### PROVIDED ENTRIES
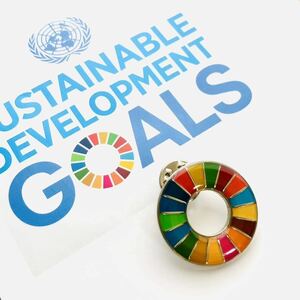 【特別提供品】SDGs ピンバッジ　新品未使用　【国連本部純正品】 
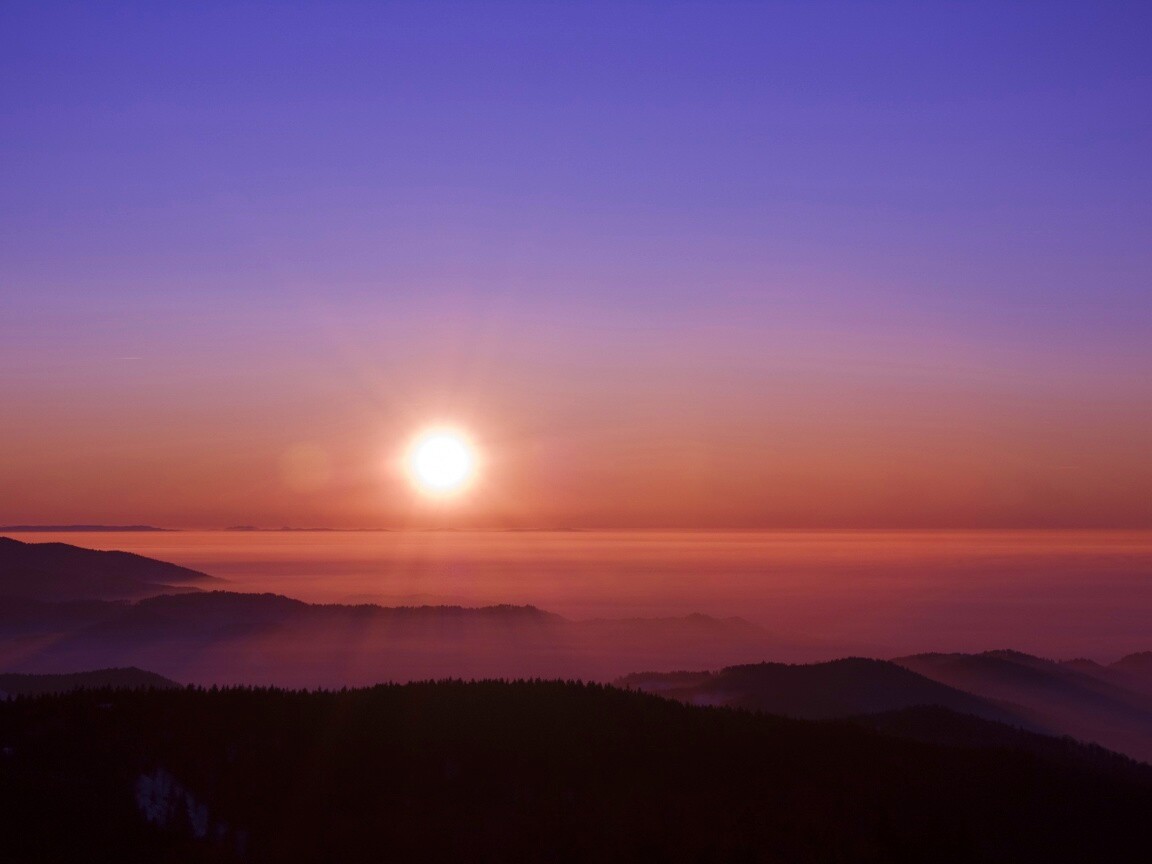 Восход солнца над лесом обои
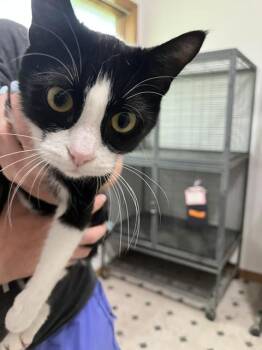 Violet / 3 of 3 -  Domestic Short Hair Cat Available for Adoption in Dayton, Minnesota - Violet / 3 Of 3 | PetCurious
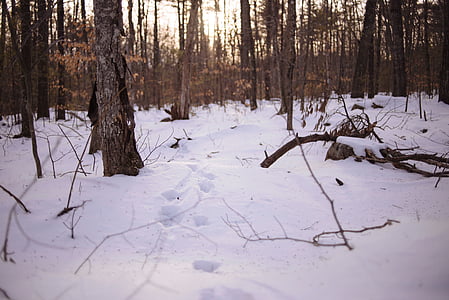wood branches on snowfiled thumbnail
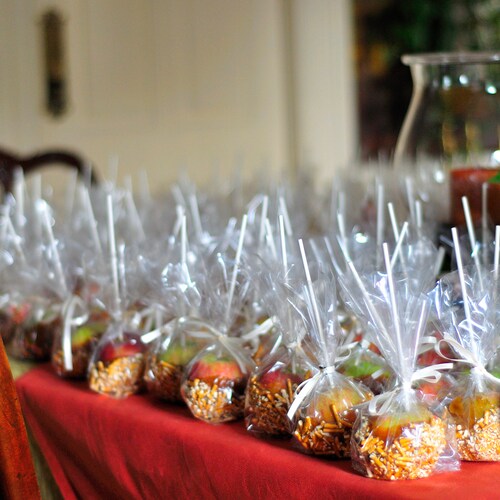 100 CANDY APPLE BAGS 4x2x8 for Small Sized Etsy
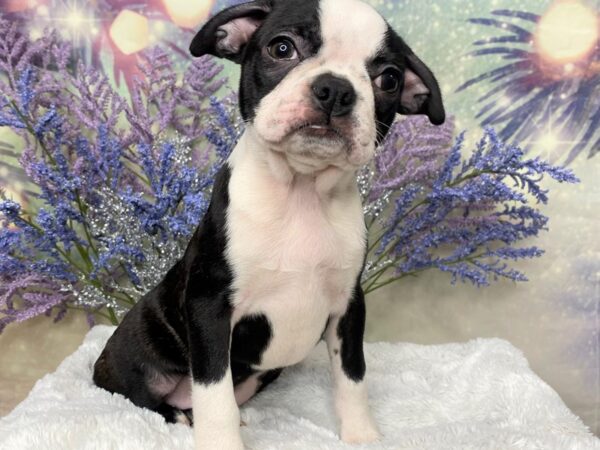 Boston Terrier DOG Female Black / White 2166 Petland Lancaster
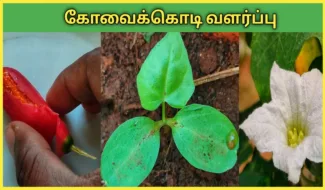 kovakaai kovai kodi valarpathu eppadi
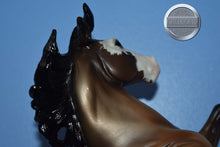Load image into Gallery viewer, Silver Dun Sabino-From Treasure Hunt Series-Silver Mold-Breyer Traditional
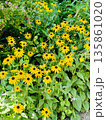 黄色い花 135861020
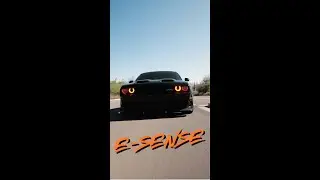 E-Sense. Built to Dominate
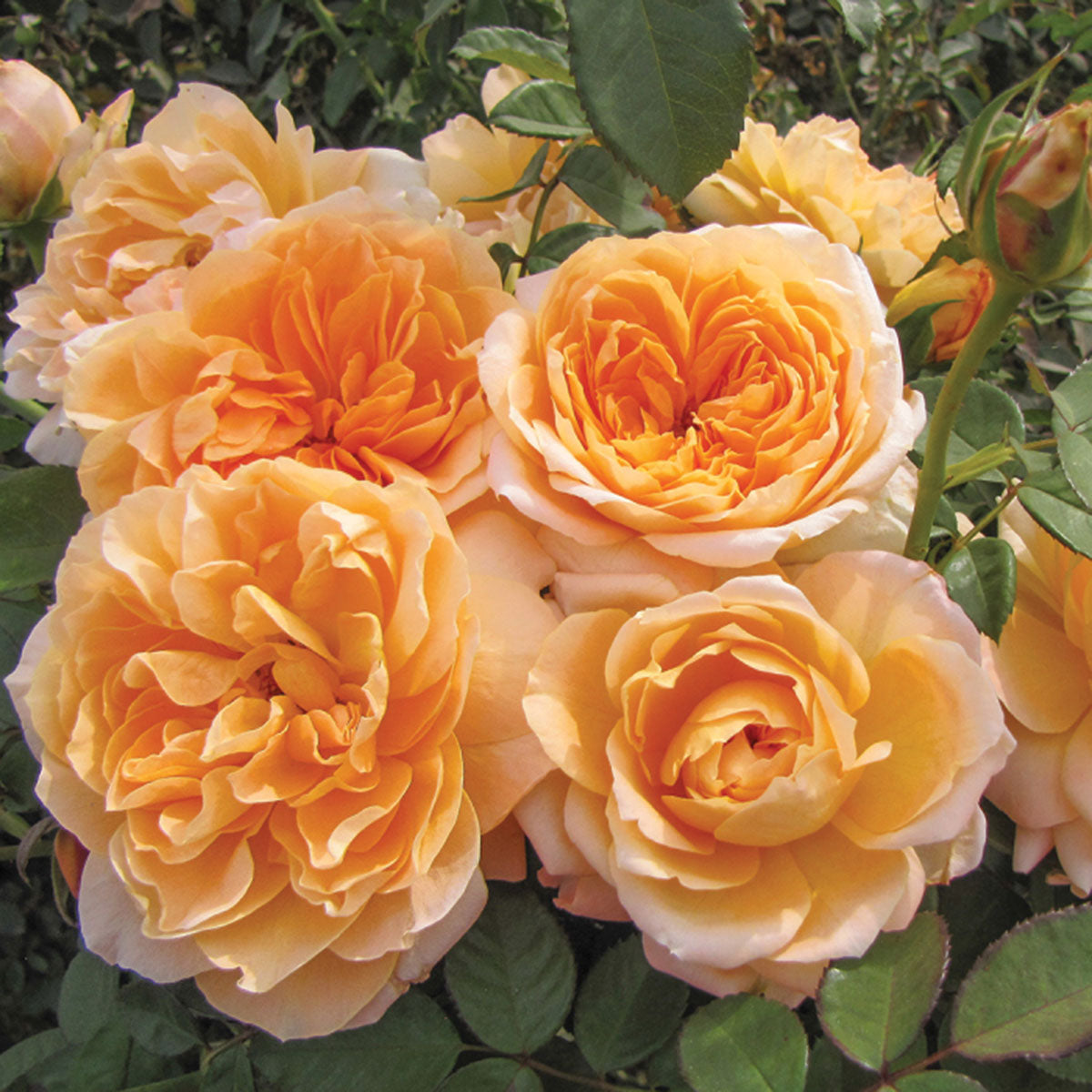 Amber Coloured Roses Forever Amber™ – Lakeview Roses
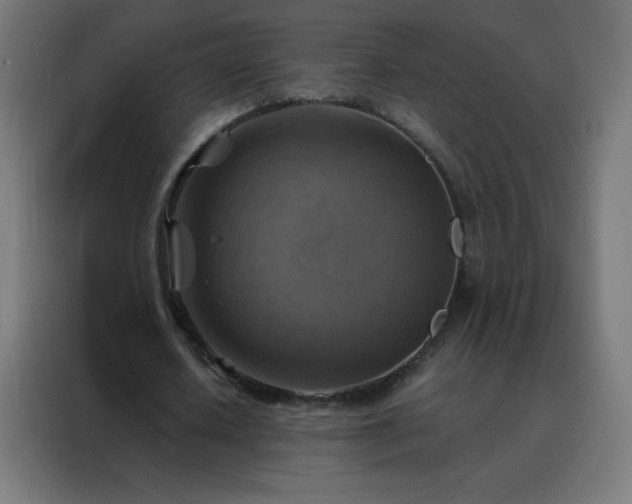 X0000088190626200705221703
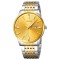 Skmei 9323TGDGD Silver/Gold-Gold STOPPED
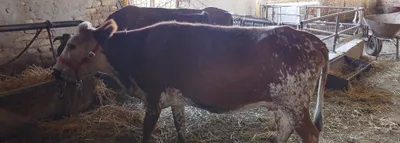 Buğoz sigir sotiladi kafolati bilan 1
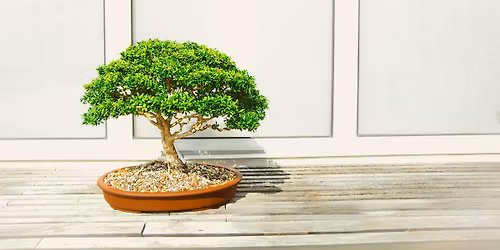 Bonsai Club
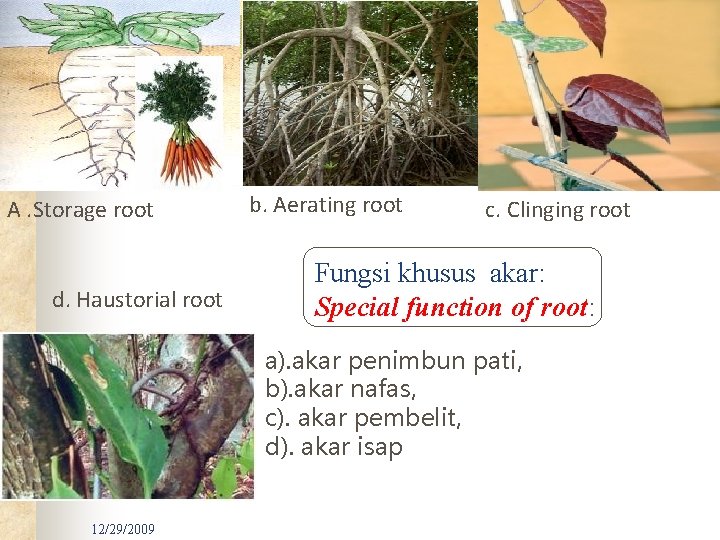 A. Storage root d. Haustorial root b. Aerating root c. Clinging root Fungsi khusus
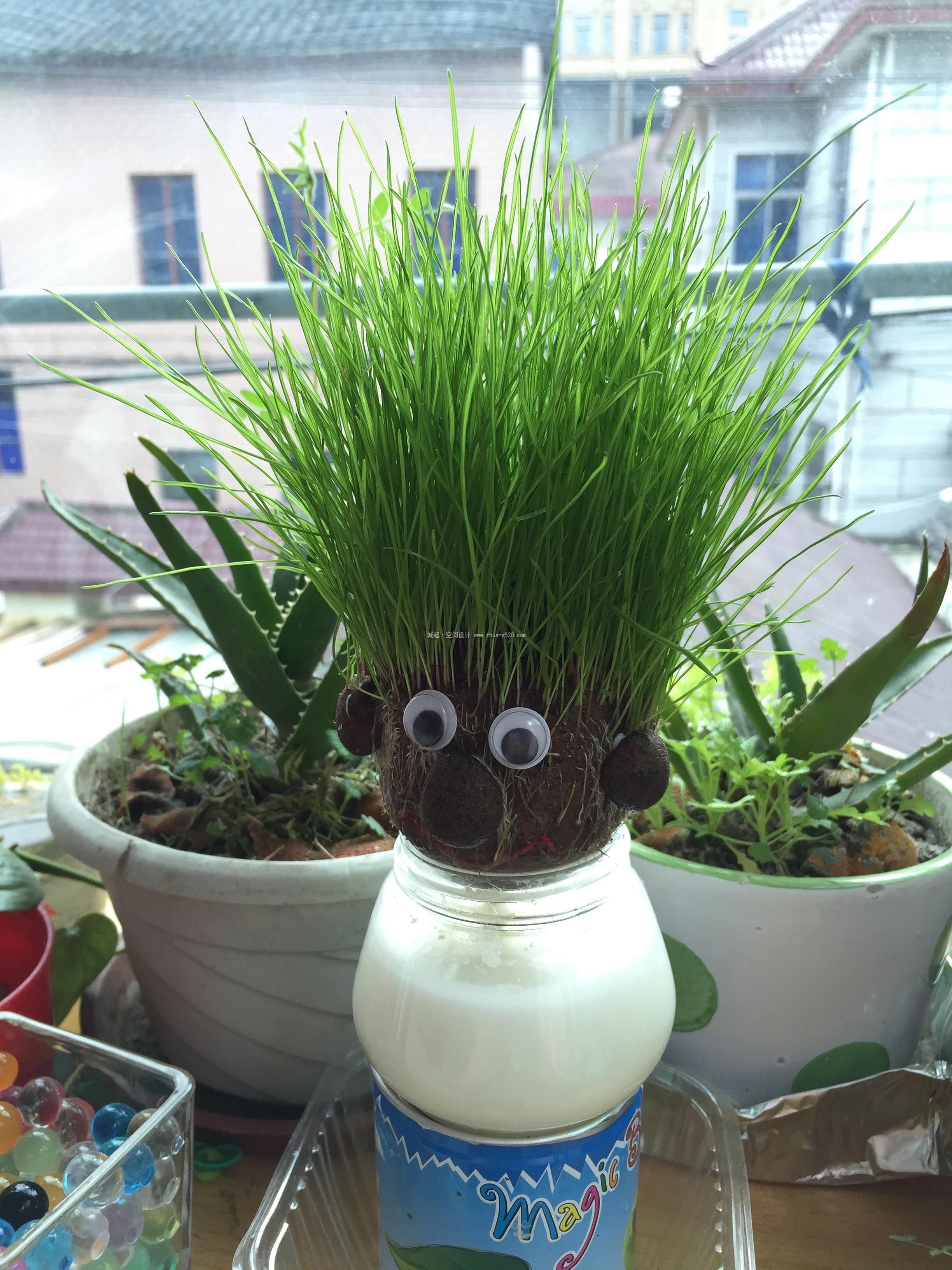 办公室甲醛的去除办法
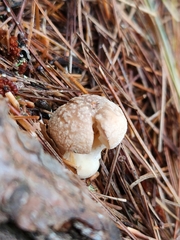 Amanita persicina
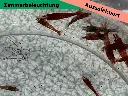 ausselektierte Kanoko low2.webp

### PROBLEM
The material should be returned verbatim, with all images omitted.

### WRITTEN SOLUTION
 【特別提供品】SDGs ピンバッジ　新品未使用　【国連本部純正品】 
 Восход солнца над лесом обои
 Violet / 3 of 3 -  Domestic Short Hair Cat Available for Adoption in Dayton, Minnesota - Violet / 3 Of 3 | PetCurious
wood branches on snowfiled thumbnail
 100 CANDY APPLE BAGS 4x2x8 for Small Sized Etsy
 Boston Terrier DOG Female Black / White 2166 Petland Lancaster
 kovakaai kovai kodi valarpathu eppadi
Load image into Gallery viewer, Silver Dun Sabino-From Treasure Hunt Series-Silver Mold-Breyer Traditional
 黄色い花 135861020
 E-Sense. Built to Dominate
 Amber Coloured Roses Forever Amber™ – Lakeview Roses
 X0000088190626200705221703
 Skmei 9323TGDGD Silver/Gold-Gold STOPPED
 Buğoz sigir sotiladi kafolati bilan 1
 Bonsai Club
 A. Storage root d. Haustorial root b. Aerating root c. Clinging root Fungsi khusus
 办公室甲醛的去除办法
 Amanita persicina
 ausselektierte Kanoko low2.webp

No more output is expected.